In last week’s post on the best restaurants of 2018, I talked a little bit about how 2018 was, effectively, a dream lived in real life. Then again, the horrific bites of the Horse Fly that I was subjected to on my latest trip – a four day hike in the Australian Alps – reminded me that I was very much alive. Of course, even that was only a shadow compared to the pain and humiliation in mistaking a rabbit for a bird. If you understood that reference then congratulations: your Instagram-sleuthing skills deserve an A+. I still make no apologies for the gaffe. It’s how we um, grow, as adults.
Talk about tangential introductions. 2018 was big, really big. There was no way I could talk about ‘just’ 10 restaurants. It would be like picking your favourite children: no parent will publicly claim to have any, even though they all do in secret. I’ve never been afraid to tell it like it is, and so last week’s post was exactly that. But hey, sometimes, you could just return to the same place again and again, for the same order of legal crack again and again.
And so with that, I present the top ten dishes of 2018. For fairness and more variety, I deliberately excluded any dishes from the top ten restaurants.
Sorry for not including the spoiler tags, but I’m sure you didn’t need them.
In what is another non-surprise, noodles dominate this list in frequency, and one of my favourite small bars makes one of the best. Chilli crab, to be specific. Oh sorry, forgot the spoiler tags again.
Monkey’s Corner has a particular recipe for firmness and mouthfeel they get their suppliers to custom produce for them. Needless to say the noods and I matched better than 99.99% of Tinder dates, to the point where I had to take a packet home to recreate something that somewhat NSFW (A++ if you remember this dish from my IG stories). But back to Monkey’s Corner’s version: when paired with the Poernomo’s godly flavourful ‘Grandma’s style’ chilli crab sauce, thickened with a little bit of French goodness (hint hint) and you have a dish I literally came back for on a weekly basis for some time.
Oh shit, another bowl of noodles. I admit I can be incredibly one-dimensional, but this laksa is anything but. Earlier this year, I did a ‘best of X in Sydney’ on this underrated dish, and while I concluded that most entries are worthy of your carb intake, Laksa King inched just past the honourable mentions of Happy Chef and Malay Chinese by a single strand to take out the gong. This was a slightly controversial choice given Malay Chinese has a legion of supporters (yours truly being one of them), but this is the truth I believe in: if both locations were equidistant from where I work, I’d visit the King more.
In any case, if laksa hasn’t really been on your radar in lieu of other popular substitutes such as pho and ramen, get planning and get slurping.
Wow I’ve got to stop this: last noodle dish, I swear.

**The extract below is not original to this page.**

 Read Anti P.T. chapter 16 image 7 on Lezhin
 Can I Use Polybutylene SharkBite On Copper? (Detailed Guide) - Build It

No, seriously. Sometimes I’m so Asian it’s embarrassing. However, to leave out ramen simply because it’s another noodle dish would be lying to myself. There were so, so many good bowls that contended this year: honourable mentions go to Bon Japanese in Canterbury and Rokurinsha in Tokyo, not to mention the simple fact that every bowl of ramen I’ve had in 2018 has been enjoyable. But once again I have to pick the favourite child. To that, I ask one question: if I were to eat one bowl again, which one would it be?
I’ll happily cross the event horizon, and enter Gogyo’s black hole. No euphemisms, seriously. Gogyo’s dark, broody ramen comes about with its signature ‘burnt’ style using high heat (the infrared thermometers are brought out) and slightly charring the ramen’s tare – whether that be soy sauce or miso paste.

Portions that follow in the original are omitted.